TEHERAN: Le président iranien a affirmé jeudi que le blocus des ports de son pays par les Etats-Unis était "voué à l'échec" et ne ferait qu'aggraver les perturbations dans le Golfe.

"Toute tentative d'imposer un blocus maritime est contraire aux lois internationales (...) et est vouée à l'échec", a assuré Massoud Pezeshkian dans un communiqué, après qu'un haut responsable de la Maison Blanche a mentionné une possible prolongation de ce blocus "pendant plusieurs mois".

Alors que ces déclarations ont contribué à provoquer un bond des cours du pétrole, le président iranien a estimé que de telles mesures de blocage "non seulement ne permettaient pas d'améliorer la sécurité régionale, mais constituaient une source de tension et une perturbation de la stabilité à long terme du golfe".

Si un cessez-le-feu est en vigueur depuis le 8 avril, les Etats-Unis imposent un blocus des ports iraniens depuis le 13 avril.

Dans ces conditions, les forces armées iraniennes ont décidé de maintenir leur contrôle sur le détroit d'Ormuz, par lequel transitait avant le conflit un cinquième des hydrocarbures consommés dans le monde.

Elles menacent de représailles si Washington ne lève pas son blocus.

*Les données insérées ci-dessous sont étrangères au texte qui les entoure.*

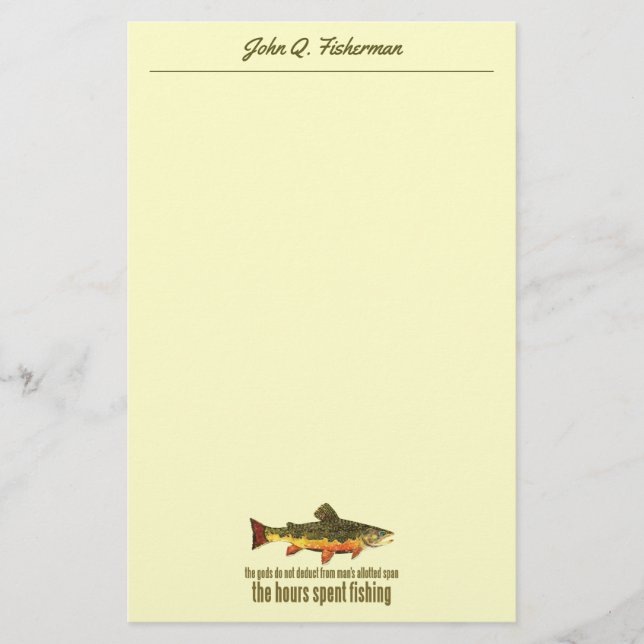 Brook Trout Fly Fisherman Angling Saying Stationery (Front)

"Nous ne tolérerons pas le blocus naval. S'il se poursuit, l'Iran ripostera", a averti mercredi sur la télévision d'Etat Mohsen Rezaei, ancien commandant en chef des Gardiens de la Révolution, nommé en mars conseiller militaire du nouveau guide suprême Mojtaba Khamenei.

Il a également mis en garde contre une reprise des hostilités entre l'Iran et les Etats-Unis, qui pourrait selon lui se solder par le naufrage de navires américains et la mort ou l'emprisonnement de nombreux soldats ennemis.

Et un haut responsable de la marine iranienne a évoqué le déploiement "dans un avenir très proche" d'armes navales récemment mises au point.

Le ministre du Pétrole, Mohsen Paknejad, a pour sa part minimisé l'impact du blocus mené par les Etats-Unis, assurant qu'il "ne produirait aucun résultat".

"Les employés de l'industrie pétrolière travaillent sans relâche pour garantir un approvisionnement sans problème", a-t-il dit.